В отечественной историографии, не говоря уже о кинематографе, Павла I принято представлять «монархом взбалмошным и психически неуравновешенным». Из школьной программы советских времен только и помнят о Павле: тиран, палочник, безумный самодержец…
Удивительно, но происходит это и по сей день — инерция представления императора в виде «венценосного самодура, играющего в солдатики», продолжает действовать. И нет дела до того, что Павел за время своего правления никого не казнил, «сумасшествие» его заключалось в борьбе с нерадивыми, привыкшими к безнаказанности начальниками и чиновниками, которых он либо увольнял, либо высылал из Петербурга, в юридическом закреплении «первенствующей и господствующей» роли православной церкви среди других церквей и конфессий в России. «Не стоит удивляться, — говорит военный историк Андрей Малов-Гра. — История царствования Павла I написана руками его убийц. А точнее — по заказу тех самых людей, которые его ненавидели. Исследования павловской эпохи основываются в основном на воспоминаниях верхушки дворянства той поры. А она немало претерпела от государя, ведь он не давал элите грабить страну. Павел не был революционером, он просто хотел навести в огромной стране порядок по европейскому образцу».
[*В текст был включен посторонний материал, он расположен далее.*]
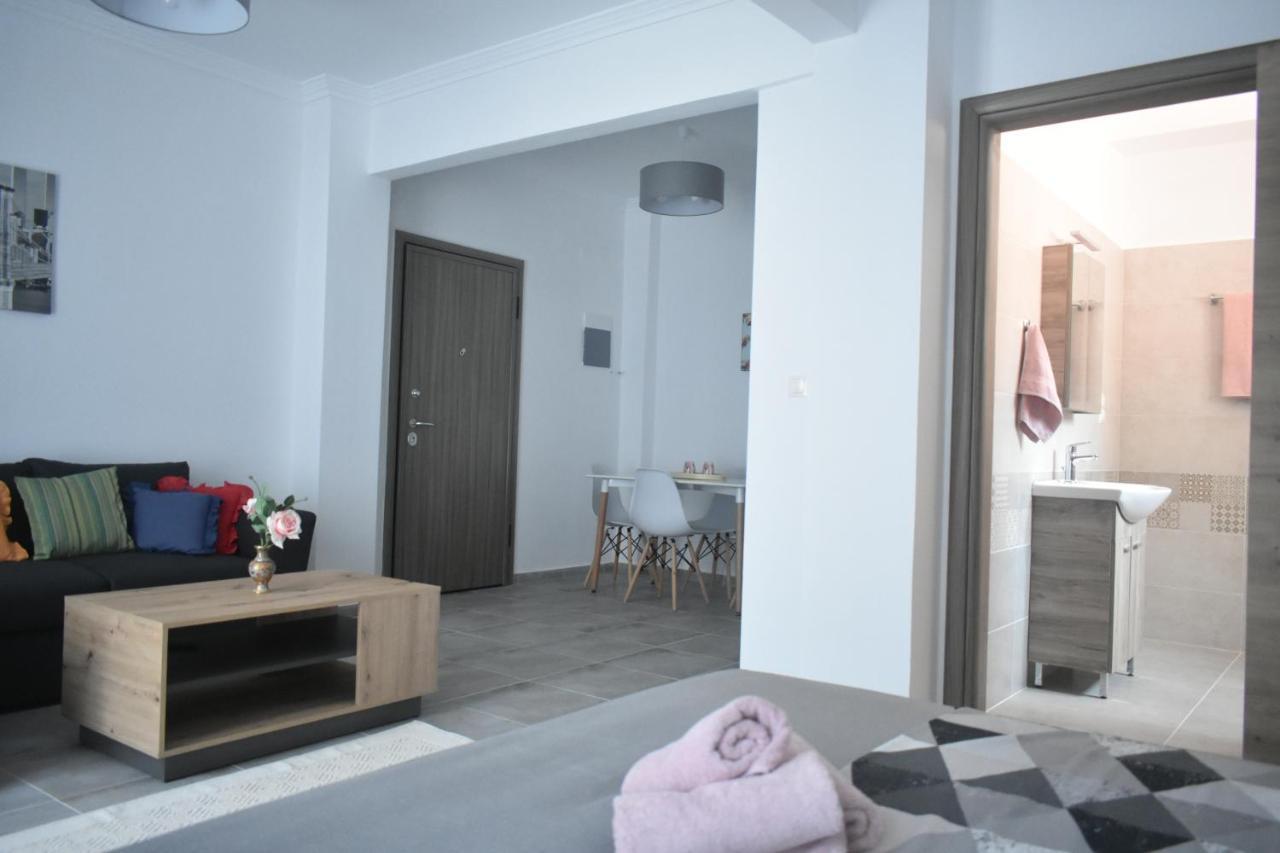Seaside Apartments Nea Iraklia Exterior photo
Новый курс Павла I петербургскую знать не устроил категорически. Разрыв с Англией, писал Михаил Александрович Фонвизин в книге «Цареубийство 11 марта 1801 года. Записки участников и современников», «наносил неизъяснимый вред нашей заграничной торговле. Англия снабжала нас произведениями и мануфактурными и колониальными за сырые произведения нашей почвы. Эта торговля открывала единственные пути, которыми в Россию притекало всё для нас необходимое. Дворянство было обеспечено в верном получении доходов с своих поместьев, отпуская за море хлеб, корабельные леса, мачты, сало, пеньку, лен и проч. Разрыв с Англией, нарушая материальное благосостояние дворянства, усиливал в нем ненависть к Павлу…».
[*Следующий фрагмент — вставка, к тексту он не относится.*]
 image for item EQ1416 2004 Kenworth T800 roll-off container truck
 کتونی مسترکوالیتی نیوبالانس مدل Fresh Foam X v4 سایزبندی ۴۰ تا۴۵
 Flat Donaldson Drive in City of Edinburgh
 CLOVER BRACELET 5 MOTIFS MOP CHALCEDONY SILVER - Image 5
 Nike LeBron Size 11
Павел I, поперек горла вставший англичанам, убит был не без участия определенных сил извне. Английский посланник в Петербурге лорд Уитворт принимал в заговоре против российского царя самое активное участие. Его высылка (он обосновался неподалеку, в Копенгагене) ни на что не повлияла. К нему за указаниями ездила его любовница Ольга Жеребцова, сестра братьев Платона, Николая и Валериана Зубовых, один из которых — Николай — входил в число непосредственных исполнителей убийства, нанесших царю «апоплексический удар золотой табакеркой» (табакерка принадлежала Николаю Зубову) в висок, а потом задушивших его гвардейским шарфом. После кончины Павла она, как писали историки, «получила в Англии сумму, соответствовавшую двум миллионам рублей — для раздачи заговорщикам, но присвоила их себе». Евгений Шумигорский, дореволюционный исследователь павловской эпохи, резонно вопрошал: «Какие же суммы были переданы в Россию ранее?..» Близкий родственник Жеребцовой Петр Лопухин рассказывал о ней: «Уитворт через посредство О. А. Жеребцовой был в сношениях с заговорщиками; в ее доме происходили сборища, через ее руки должна была пройти сумма, назначенная за убийство или по меньшей мере за отстранение императора Павла от престола… За несколько дней до 11 марта Жеребцова нашла более безопасным для себя уехать за границу и в Берлине ожидала исхода событий…» Связь англичан с заговорщиками поддерживалась также через сновавших между Лондоном и Петербургом курьеров и даже через так и не покинувшего Лондон русского посла, графа Семена Воронцова, фактически английского агента.
В конце марта 1989 года Леонид Хейфец уехал с каким-то спектаклем в Грецию. Олег Иванович наслаждался тишиной и спокойствием на даче («Есть возможность, — записал, — оглянуться перед последним рывком»). «Павла» к тому времени репетировали уже около семи месяцев. «К сожалению, — отмечал Борисов, — больше времени уходит на учебу: как сделать спектакль художественным целым. Труппа работала в другой программе, и многие не вписываются в общую нервную систему. Выпирают эмоции, штампы, и теряется все, во имя чего? Работаю как на драге для углубления дна».
В апреле Борисов сделал переворот, все изменивший кардинально и поразивший Хейфеца и всех партнеров «Павла». «Я и раньше, — пояснял Олег Иванович, — интуитивно к этому шел: играл две последние сцены с точным предчувствием конца. С желанием смерти. Но сейчас понял, что вызов заговорщикам надо делать раньше. Когда? С первого же выхода! Вылететь на вахт-парад стрелой, пропахав эту бездонную сцену, — и чтоб сияли глаза! Си-я-ли! Знаю, что буду убит, знаю и потому растопчу эту сволочь, изорву в клочья. Успею! Если это сияние от Павла будет исходить, его фигура станет еще трагичней. И все полетит… Хорошо, чтобы и другие не отставали».